Der junge Mann hat keinen Weg in eine erwachsene Rolle und in wirtschaftliche Unabhängigkeit gefunden, sondern sich bisher immer so verhalten, wie es die Verzerrung der Realität durch die väterliche Abwehr erforderte. Da der Vater die Möglichkeit eines Scheiterns der akademischen Karriere des Sohns nicht zulassen konnte, hat er dessen wiederholt auftretende Depressionen geleugnet und den Sohn darin unterstützt, sie durch mehrere Studienwechsel manisch zu verarbeiten.

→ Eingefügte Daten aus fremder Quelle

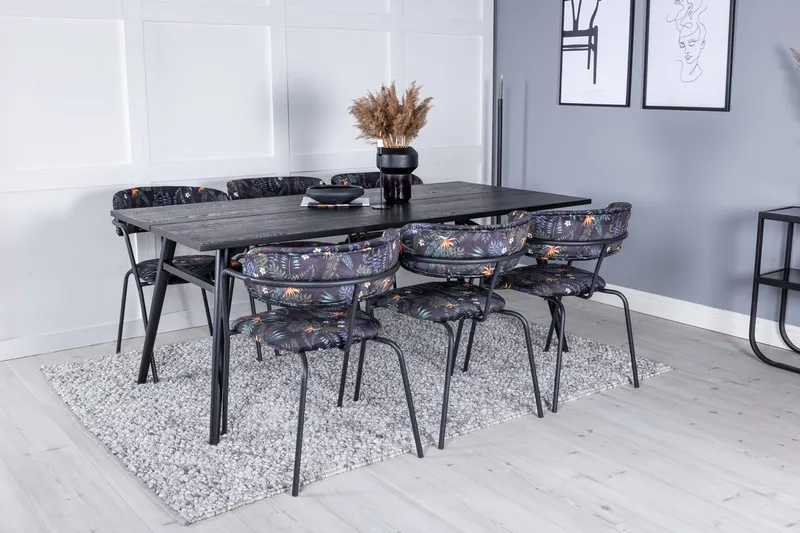Jatkettava Sleek-ruokapöytä 195 cm ja 6 Arrow-nojatuolia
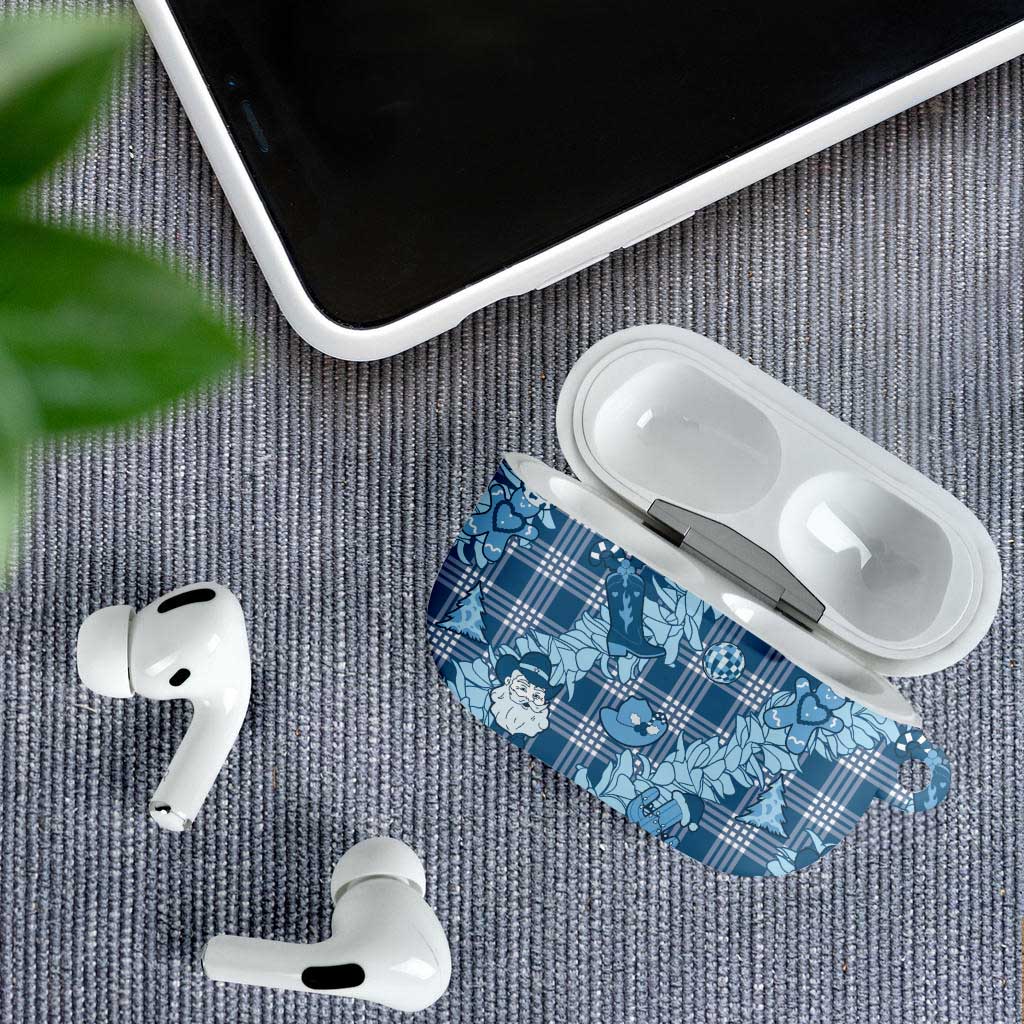 Blue Palaka Hawaii Cowboy Christmas AirPods Case Paniolo Mix Maile Lei - Polynesian Pride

Das Leben des Sohnes ist von einer Mischung aus Scham- und Schuldgefühlen sowie Resignation geprägt, die durch eine auf den Vater gerichtete Entwertung erträglich gehalten wird. Er kann immer wieder die Überzeugung aufbauen, dass der Vater an seiner Unreife schuld ist und bisher das Falsche von ihm verlangt und für ihn getan hat. In diesem Zustand ist er für den Vater ebenso unzugänglich wie im Cannabisrausch, dessen Vorzüge er gegenüber dem Alkoholkonsum des Vaters ins Feld führt.